The fourth key part of the template is the validation of the vulnerability, and it is essentially what a human would do to verify the vulnerability. You describe that vulnerability step by step that you call on to this endpoint, you perform this action, you do this, and you compose that into a template. This is basically a basic structure of a template. We support a range of different protocols. So you can basically write almost all kinds of vulnerabilities within Nuclei. Then you can use it to scan against your assets, data, or scan within your CI/CD workflows. Or you can use the same template to do the lifecycle management of annuities. So triaging or creating tickets, remediation workflows. All can be done through the single templates. So the collaboration becomes seamless through the data of template.

[00:13:54] SIMON MAPLE: Very interesting and is a great segue actually. It’s where would you then run Nuclei in terms of executing it in your pipeline. Or is it more on the developers? Or is it later to the right? What would be, I guess, the three primary use cases of using Nuclei?

[00:14:09] RISHIRAJ SHARMA: The most common workflow is running against your attack surface. So in an organization, you might have pretty large set of assets, and these could be varieties of applications or APIs running in your environment. So you basically give your list of assets. These could be IPs. These could be domains and/or API endpoints that you want to run against, and you pass it on Nuclei and give your templates that you have designed and run against them. It will do the assessment across those assets in the fast manner and give you the results back. 
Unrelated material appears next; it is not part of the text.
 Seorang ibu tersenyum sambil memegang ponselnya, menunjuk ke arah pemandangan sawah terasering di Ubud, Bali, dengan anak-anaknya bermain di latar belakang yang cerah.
The second one is CI/CD integrations, and Nuclei acts more like an integration tool. You basically put your templates within your CI/CD workflow, and you run against your local application or within your build workflow to ensure that vulnerabilities that you have put as regression are not passing through to the production. So that is the one use case. Even in that use case, like there are many bug bounty programs that are basically giving rewards or incentives on hacker submitting vulnerability along with template. So once they received a template, they put that template into the CI/CD to ensure that it doesn't fit again, as well as they use the same template or run against all their internal external assets to ensure that there are no repetitions of vulnerabilities within other environments. These are top two workflows. 

The second one is more around security engineering. So many pen testers or security engineers design their workflows to automate many of their regular workflows. So if you have suite of checks that you are running through the assessment or the pentest or audit, you design these checks are run against within any audit or your assessment project. These are some of the top three workflows. 
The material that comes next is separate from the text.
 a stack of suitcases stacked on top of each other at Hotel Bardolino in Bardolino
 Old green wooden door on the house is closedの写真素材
[00:16:03] SIMON MAPLE: Yeah, very interesting. Do you find people who are working with bug bounties, so people who are actually trying to test against folks who run bug bounties? Do you see them using Nuclei a lot for that kind of thing?
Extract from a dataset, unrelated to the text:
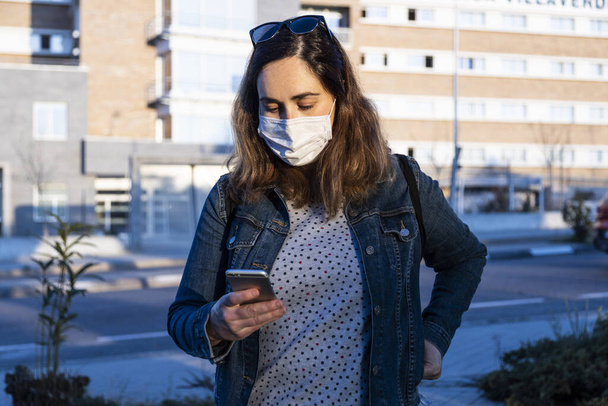 young woman chatting on her smart phone with a respirator on the street - Photo, Image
[00:16:14] RISHIRAJ SHARMA: The bug bounty hunters or you are talking about bug bounty products?

[00:16:16] SIMON MAPLE: The hunters. 

[00:16:18] RISHIRAJ SHARMA: Yes. They use a lot, and we have one of the largest user base within the bug bounty too. They use it mostly because they have their unique approaches on testing across a large number of assets or a large number of bug bounty programs to find the vulnerabilities faster. Their core approach is to like find vulnerabilities as fast as they can, and Nuclei has done a lot. So basically, whatever their unique techniques that they use it against an application, they basically compose within the templates, and then they run it as if get access to any program or doing any assessment. 

They also do the verification of vulnerabilities against other hosts. So let's say there's part of the vulnerability. They will compose that vulnerability into a template, then they will immediately run against all the other assets they know about, and they will know, okay, this vulnerability also exists across other 10 hosts that they can report against or these five other programs that they can report against. So bug bounty hunters use a lot within their workflow to test unique vulnerabilities.

[00:17:25] SIMON MAPLE: Like you say, being able to supply that template afterwards is very, very valuable to the bug bounty program hosts.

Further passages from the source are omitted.